화학공학소재연구정보센터
Journal of the American Chemical Society, Vol.115, No.26, 12423-12430, 1993
Molecular Electron-Density Lego Approach to Molecule Building
A new method is presented for the construction of ab initio quality approximate electronic charge distributions for large molecules from charge distributions of small molecular fragments. This method is reminiscent to building structures using Lego blocks. The electronic density distribution calculated using the method is quantitatively shown to be very similar to that calculated for entire molecules using conventional ab initio packages with standard basis sets such as 6-31G**, while requiring only a fraction of the computational time. The pre-calculated fuzzy electron distributions of base molecular fragments, stored in a data bank, are merged (rotated, translated, and subsequently added together) to calculate these approximate charge distributions for the molecule. The method requires only the Cartesian coordinates of the nuclei for the construction of molecular charge distributions.

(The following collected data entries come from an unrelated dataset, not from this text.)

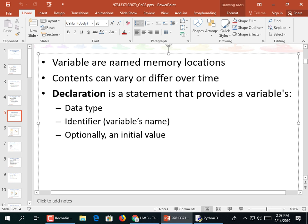Memories are named memory locations. Two of our definitions of variables: it's something with a name, a type, a value, and a memory location that holds that value. We don't really care about the memory location, but we understand it. Gigabytes of RAM has to have a place to hold the number or the string you're storing. The contents can vary or differ over time - that's why they're called variables.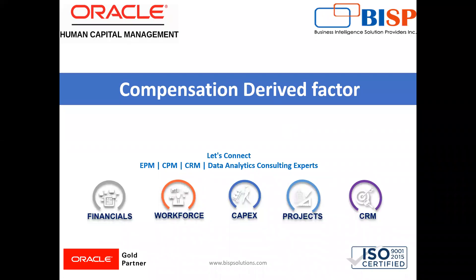Welcome, my name is Nikita from BSP Solutions. In today's video, I'm going to explain how we can create compensation derived factors.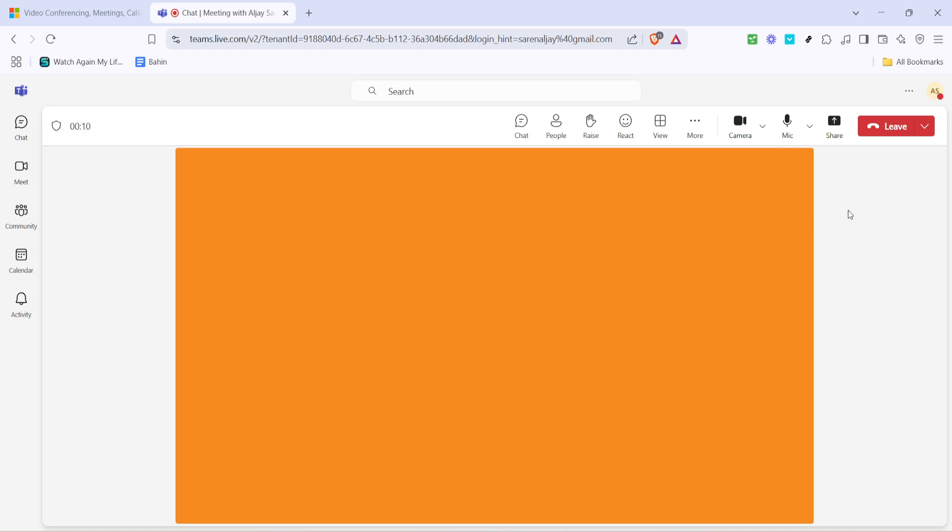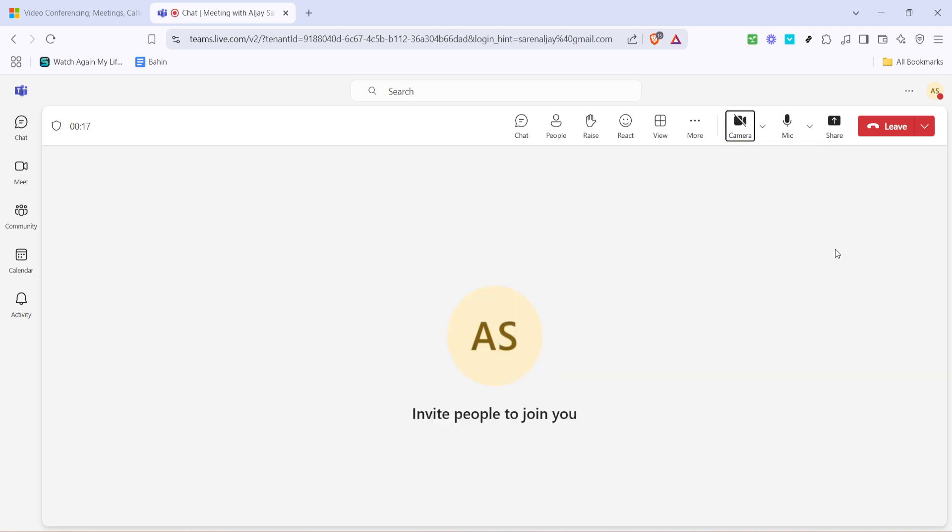Now let's move on to controlling your camera. With your meeting window open, you should see another video camera icon. This will be in your toolbar, often at the bottom of your screen next to other icons for muting and chat. Clicking this icon toggles your camera on and off. If your camera is currently on, click the icon to turn it off. You'll notice that the icon changes slightly, often to a camera with a slash through it indicating that your camera is now turned off.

The speed of the method makes it potentially useful for molecular modeling applications where construction of electron densities of large molecules is especially important. The technique can be used to replace fused sphere models of large molecules with more realistic electron density contours. One additional advantage is that these contours can be displayed for a whole range of density values, from tight, high-density contours, representing the bonding pattern, to loose, low-density contours representing the peripheral shape and size features of molecules.